One example of anti-malware technology are systems (e.g. hardware and/or software) that is used to counter malicious botnets. A malicious botnet is a type of malware that is used to gain control over a number of computers (referred to as “bots”). A botnet controller uses a server called a command and control (C&C) server to communicate with the bots to command them to engage in malicious activities. For example, a botnet controller may use a number of bots to cause a distributed denial of service (DDoS) attack, which attempts to render a machine or network resource unavailable by flooding the resource with illegitimate communications, such as fraudulent requests for resources. Anti-malware systems counter DDoS attacks by identifying, analyzing, and blocking network traffic that originates from malicious botnets and removes the malicious traffic before such traffic reaches its intended destination.

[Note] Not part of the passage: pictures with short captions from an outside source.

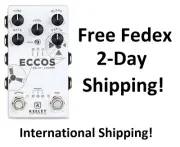 New Keeley Eccos Tape Delay Looper Guitar Effects Pedal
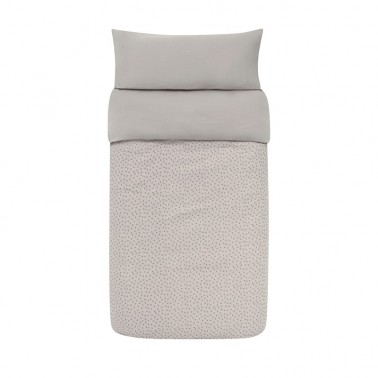 Funda Nordica minicuna Night Stories Piedra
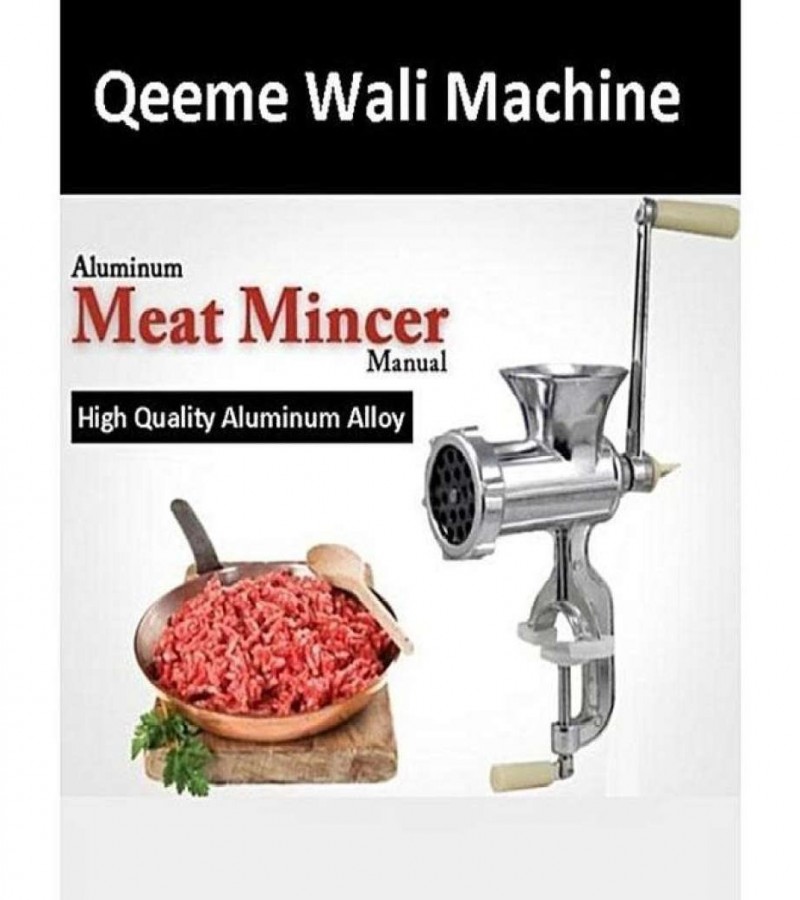 Meat Mincer Iron Manual Meat Grinder Mincer Table Hand Crank Tool For Kitchen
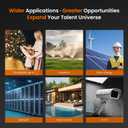 QILIPSU Waterproof Junction Box IP67 Outdoor Plastic Electrical Project Enclosure Weatherproof with Mounting Plate, Wall Brackets, Hinged Grey Cover 16.1"x12.2"x7.1"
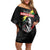 MLK Honoring The Legacy Family Matching Off Shoulder Short Dress and Hawaiian Shirt Black Version LT05 - Wonder Print Shop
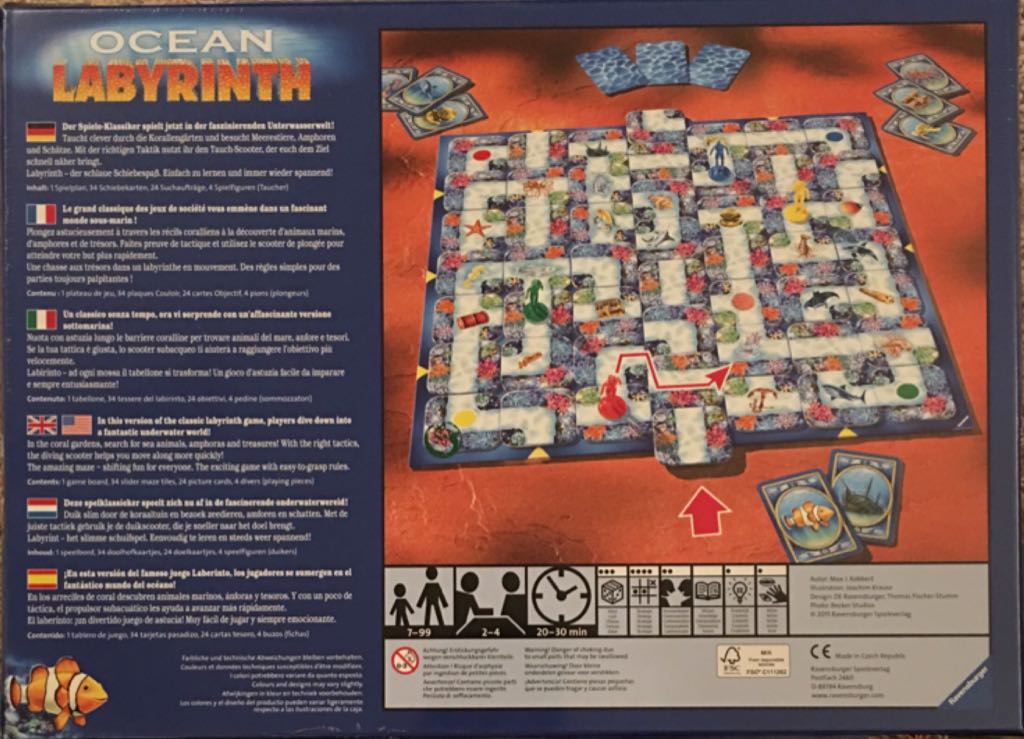 Labyrinth Ocean Game  (2-4) board game collectible [Barcode 4005556266524] - Main Image 2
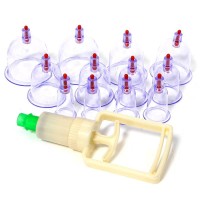 Set 12 ventuze pentru masaj chinezesc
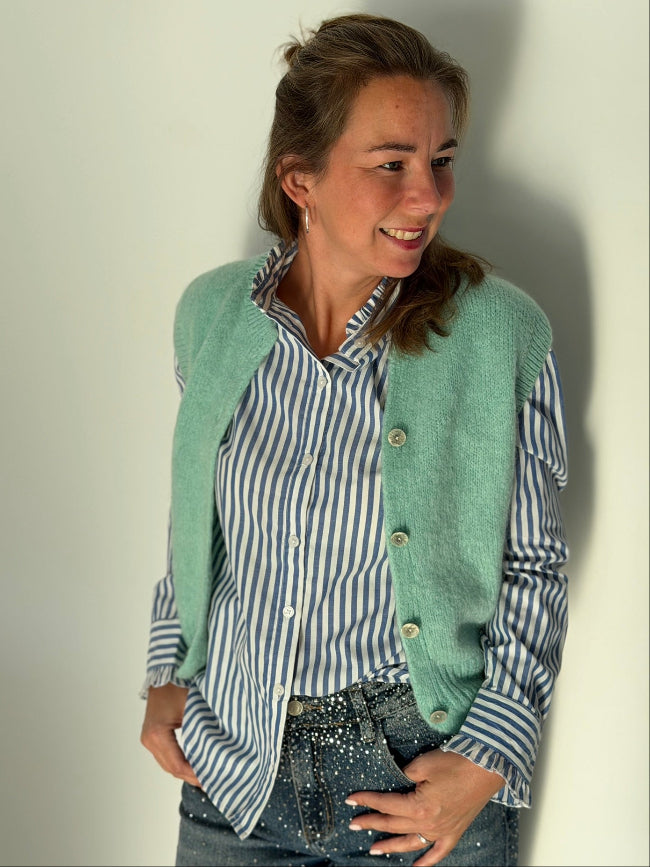 BREE Debardeur -- Zeegroen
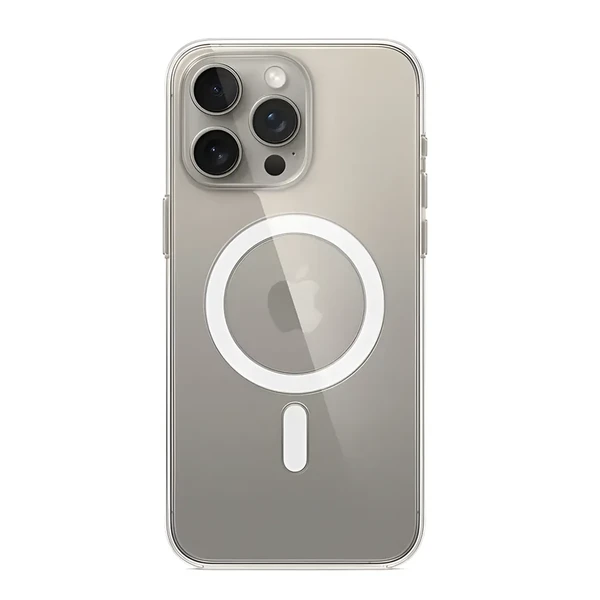 Прозрачный пластиковый TPU+Acrylic чехол iLoungeMax с MagSafe для iPhone 15 Pro Max в Броварах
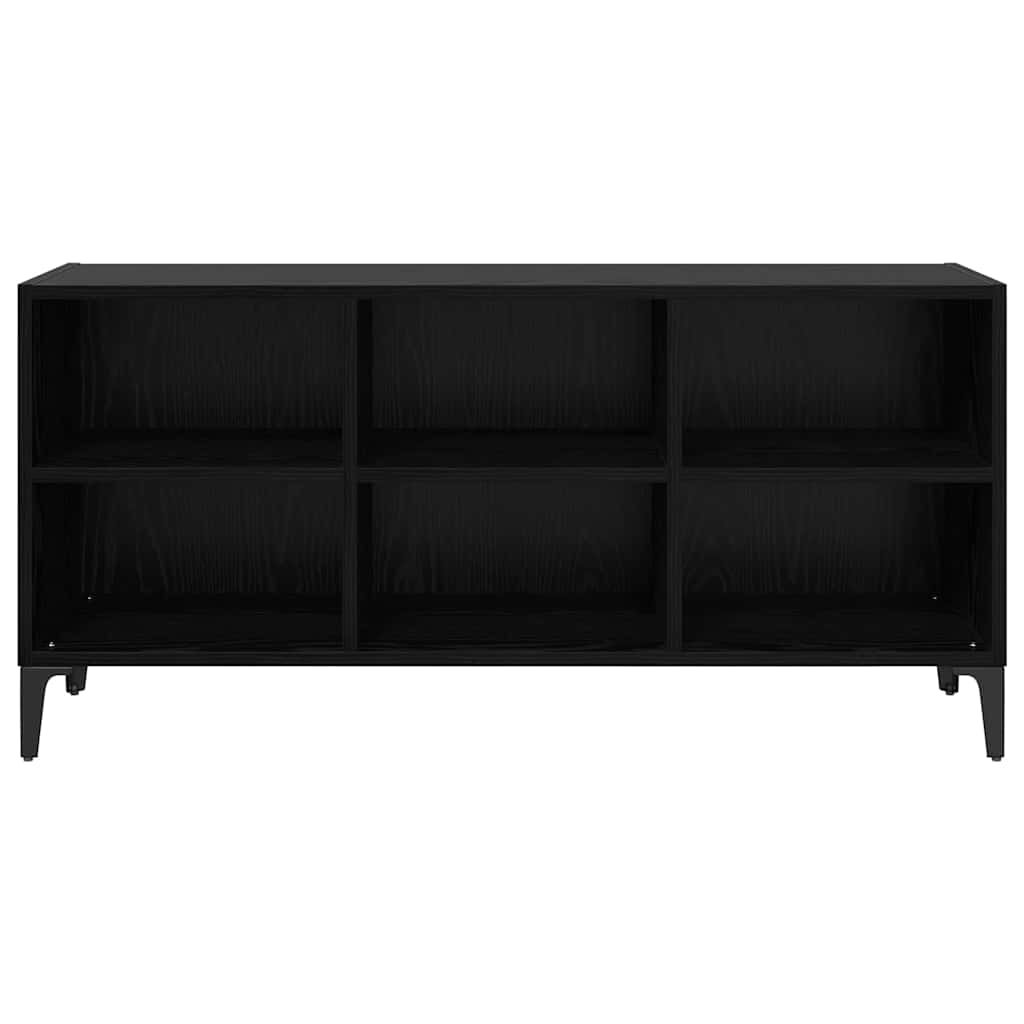 Meuble TV Noir 69.5 x 30 x 50 cm Bois d'ingénierie - XIOS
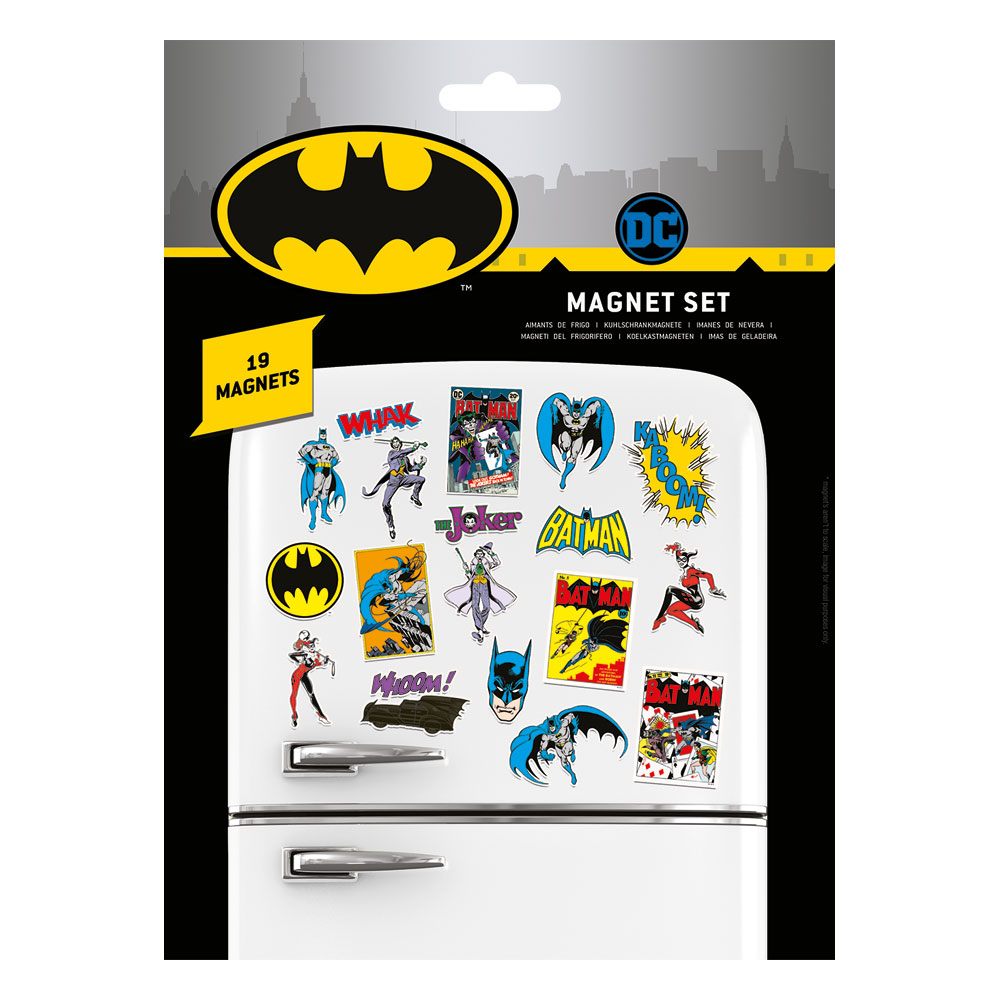 DC Comics (Batman Retro) Magnet Set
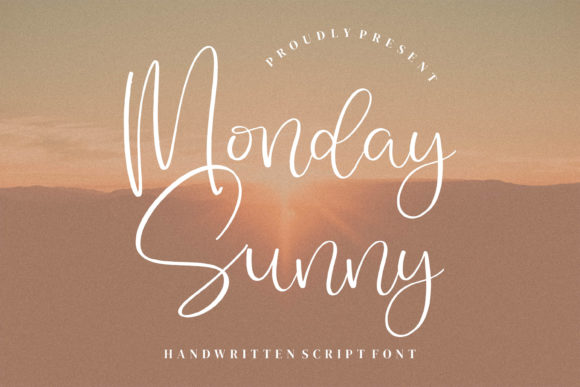 Monday Sunny Script Font for Handmade Creations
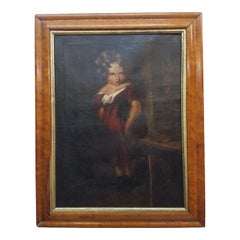 19th Century Oil Painting "The Naughty Child" After Sir Edwin Landseer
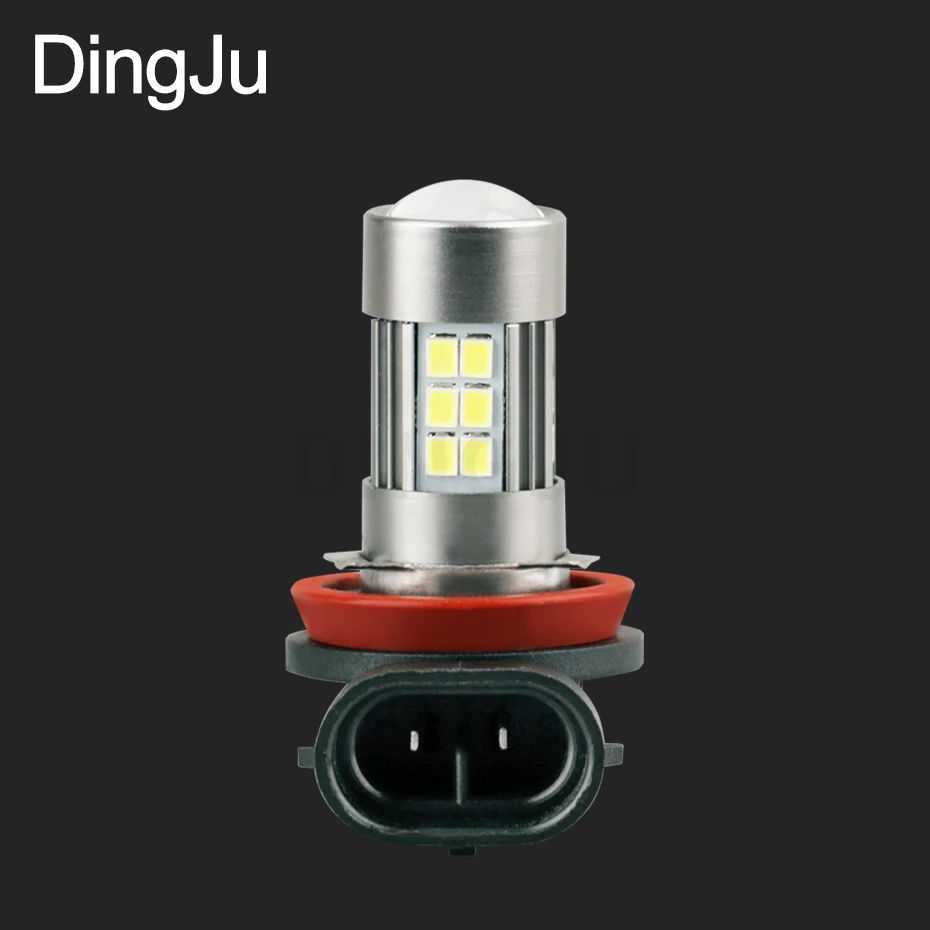 

1 Piece Car Led Running Lights 9005 9006 H1 H3 H7 H11 880 881 Fog Light DRL 2835 24v Signal Lamp Car Led 27 SMD Auto Lamp 12v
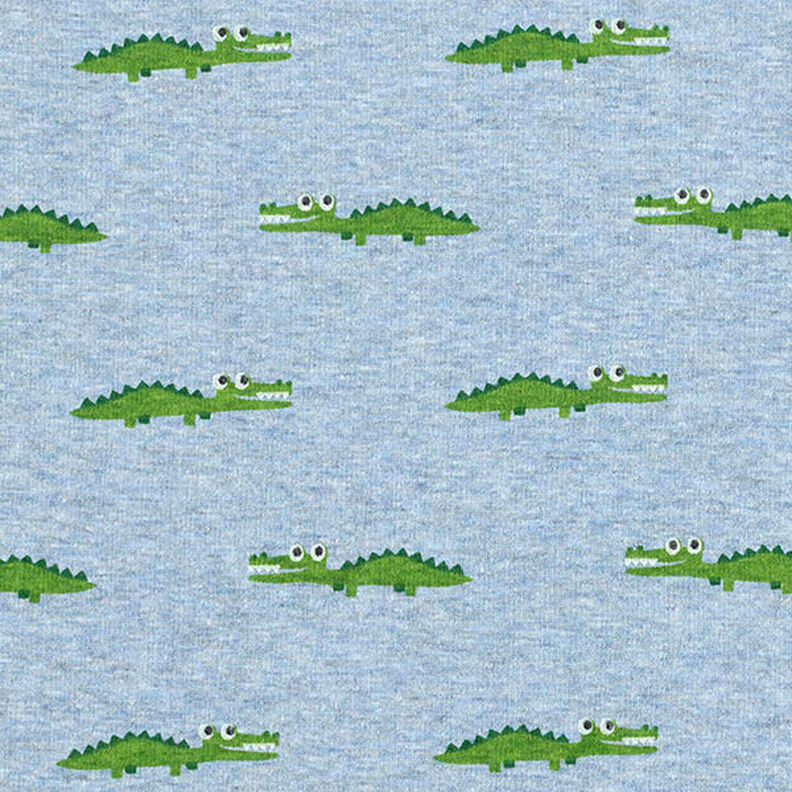 Alpenfleece drzý krokodýl (cheeky croc) Melír – světle džínová modrá,  image number 1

One way to identify malicious traffic is to capture and analyze the binary malware samples and communications between individual bots and their command and control (C&C) servers. Such communications can be captured through sensors, honeypots, and/or spam traps. Once captured, these communications can be analyzed to determine valuable information about the botnet, such as a C&C server, the target, and motives of the entity behind the botnet. Such information can then be used to prevent attacks or to prevent the malicious traffic from reaching its source.
It has become more difficult, however, to identify and monitor communications between C&C servers and bots because there is an increasing trend by which encryption is used to protect the communications between C&C servers and bots. Such encryption can be defeated if a security researcher has access to the cryptographic key and method by which the communication is encrypted. Accordingly, what is needed are systems and methods for automatically extracting cryptographic keys from malware.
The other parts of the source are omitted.